When is too much too much? Scoring isn’t everything. Is it? In the US, Soccer is put down because scoring can be non-existent thus boring, baseball is too slow and instant replay isn’t instant enough in football. Golf on the other hand “must” have birdies or else it isn’t exciting and fans won’t show up at tournaments. Enough!
This past Sunday at The Greenbrier Classic in White Sulfur Springs, W. Va., Stewart Appleby was 11 under par on the par 70 “The Old White” course shooting the 5th ever 59 on the PGA Tour in it’s history. This week a 17 year old high school student, Bobby Wyatt had an amazing 57 in the Alabama Golf Association State Boys Championship on the Country Club of Mobile, Alabama a par 71 course, playing 6,643 yards. That’s 14 under par! Enough! Something must be done! The ball is going to far and courses are running out of room and money to expand.
Back to The Greenbrier Classic. On Sunday 77 golfers played the 4th and final round of the tournament. Eight were over par, six were even par and fifty one were under par. The par 5, 12th measuring 568 yards gave up only two bogeys and one other. The hole played to 4.286, hardly a difficult par 4 if it were in one of the major tournaments. The most difficult hole was the par 3 15th. It played 3.091 to par with 12 bogeys and one other. Just not that difficult.
Scoring is down, no doubt about that. The better the player the more club and ball technology means to the golfer in distance and accuracy. Also there’s much better player fitness and better course conditions no wonder scoring is substantially down. But the most critical issue in keeping the scoring low and the patrons watching from the galleries and television is money. Golf is a multi-billion dollar industry and the PGA is unwilling to change it’s position, keeping it’s eye on the bank account. Forcing manufactures to limit the distance the ball flies takes money out of their bank accounts and the implied advertising advantage over their competitors.
Changes to the ball have been suggested, but that means all balls are the same. No competition. Same is true of shafts and clubs. I’m inclined to believe that reducing the sweet spot on the club face in relationship to the year-end final average score and/or the distance each club can achieve, might be a better answer. The USGA and R&A would have to determine what the optimum distance each club could attain, determine the sweet spot dimensions to limit distance by shrinking the area of maximum distance. Doing so allows the manufacturers to continue with their advancements in design, keeping scores reasonable and courses financially secure and out of bankruptcy.
Men’s US Senior Open Golf Championship – Seattle
Fred Couples almost pulled off a special win this past week in the Seattle area, his home town. Tied with Bernard Langer going into the final round, Freddie triple bogeyed the 2nd hole while Bernard birdied puting the tournament out of reach for Fred. Technology was once again apparent to those of us who watch and listen closely to the telecasts. Fred didn’t use a driver once during the week. Now Sahallee Country Club has extremely tight fairways with one par 4 only 16 yards wide but the course isn’t that short, 6,866 yards, for the seniors. Freddie was able to hit his utility club, irons and 3 wood off of most tees, often in the 300 yard range.

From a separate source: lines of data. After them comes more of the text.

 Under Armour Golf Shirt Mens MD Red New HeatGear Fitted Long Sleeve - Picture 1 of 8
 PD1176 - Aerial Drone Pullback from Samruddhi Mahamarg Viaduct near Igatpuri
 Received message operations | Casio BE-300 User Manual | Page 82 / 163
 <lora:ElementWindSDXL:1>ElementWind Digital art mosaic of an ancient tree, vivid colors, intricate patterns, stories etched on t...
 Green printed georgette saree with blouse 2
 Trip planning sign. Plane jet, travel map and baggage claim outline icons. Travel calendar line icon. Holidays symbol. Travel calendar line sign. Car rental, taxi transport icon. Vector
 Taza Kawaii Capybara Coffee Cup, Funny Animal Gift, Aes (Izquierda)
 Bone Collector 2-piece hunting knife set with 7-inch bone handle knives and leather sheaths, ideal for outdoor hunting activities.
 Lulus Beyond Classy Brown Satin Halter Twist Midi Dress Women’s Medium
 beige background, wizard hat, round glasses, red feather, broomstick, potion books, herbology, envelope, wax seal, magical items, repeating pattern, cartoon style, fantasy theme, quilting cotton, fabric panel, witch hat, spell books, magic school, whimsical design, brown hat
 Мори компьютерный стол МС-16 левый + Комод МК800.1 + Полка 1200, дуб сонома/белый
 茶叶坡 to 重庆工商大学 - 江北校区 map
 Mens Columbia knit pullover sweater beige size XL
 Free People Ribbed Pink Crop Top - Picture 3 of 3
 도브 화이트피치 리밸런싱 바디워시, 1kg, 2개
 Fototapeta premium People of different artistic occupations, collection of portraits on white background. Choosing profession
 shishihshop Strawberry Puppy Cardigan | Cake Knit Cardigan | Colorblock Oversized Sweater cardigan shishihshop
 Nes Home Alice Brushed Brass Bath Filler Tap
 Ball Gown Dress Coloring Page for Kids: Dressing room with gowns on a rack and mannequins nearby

Listening to an interview on a local sports talk show Couples admitted that he should have played the 2nd hole much differently. He went so far to say that 99 out of 100 times he would not lay up on that par 5. He “chunked” his third shot, a difficult lob over a pond, landing in the pond taking a triple bogey on the hole giving Langer a four stroke lead. Bernard didn’t back off winning by 3 strokes after Couples reduced the lead to 2 after birdieing the 16th. It would have been a huge bonus for the 30,000 plus fans in the gallery if Freddie had pulled this one out.